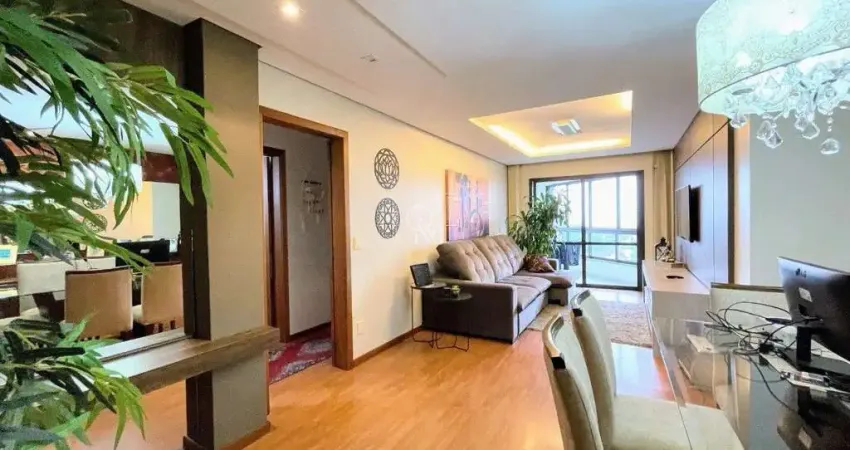 Apartamento com 3 quartos à venda na Rua Luiz Antunes, 1140, Panazzolo, Caxias do Sul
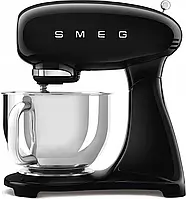 Кухонна машина SMEG SMF03BLEU Czarny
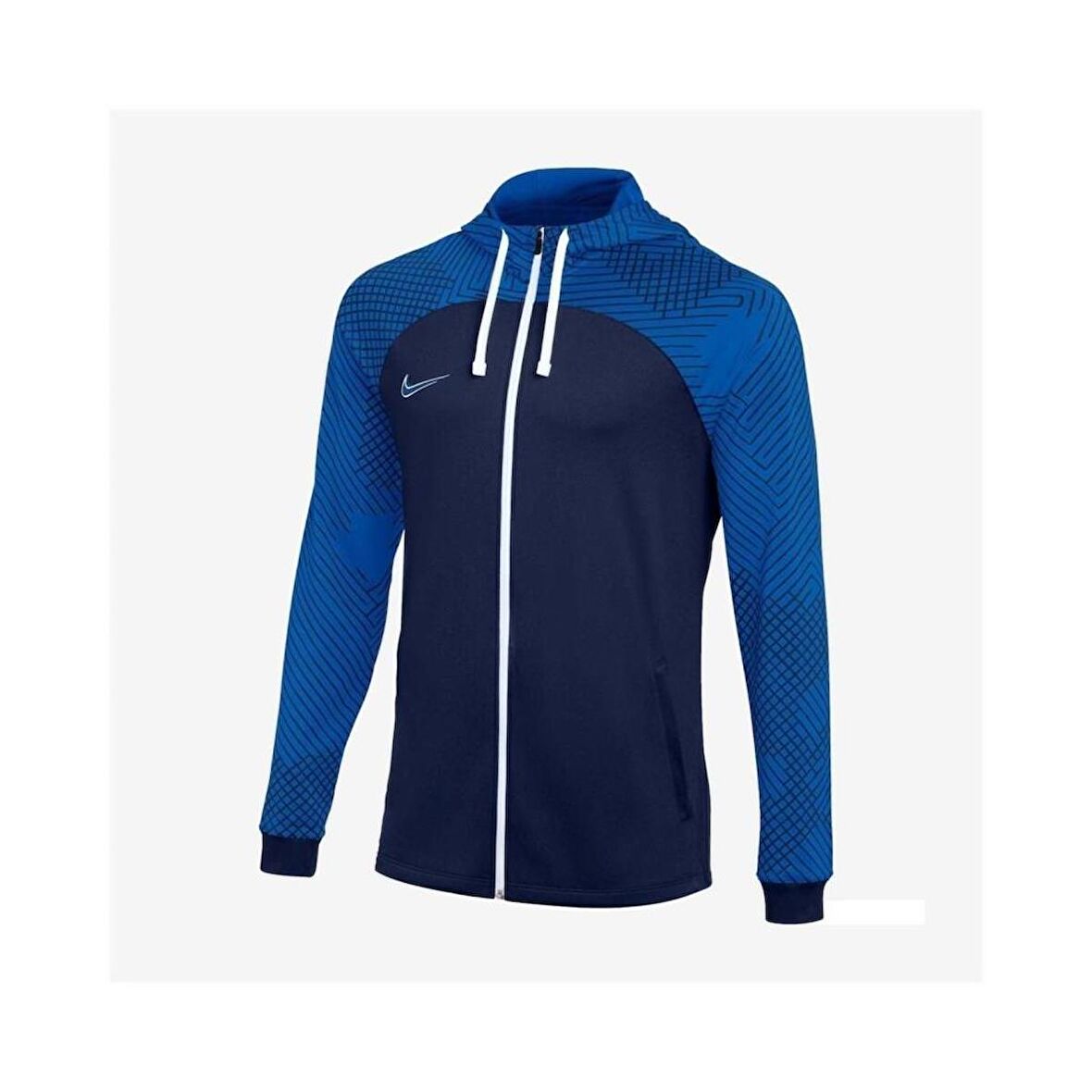 Nike Dh8768 M Nk Df Strk Hd Trk Jkt K Eşofman Üstü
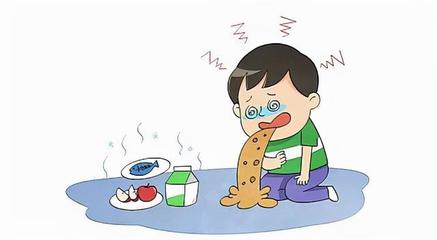 十个月宝宝上吐下泻怎么办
^^^^^^^^
- [What you need to do]
Word for word, return the material above, but drop the pictures.

- [Exercise response]
 Apartamento com 3 quartos à venda na Rua Luiz Antunes, 1140, Panazzolo, Caxias do Sul
 Кухонна машина SMEG SMF03BLEU Czarny
 Nike Dh8768 M Nk Df Strk Hd Trk Jkt K Eşofman Üstü
 十个月宝宝上吐下泻怎么办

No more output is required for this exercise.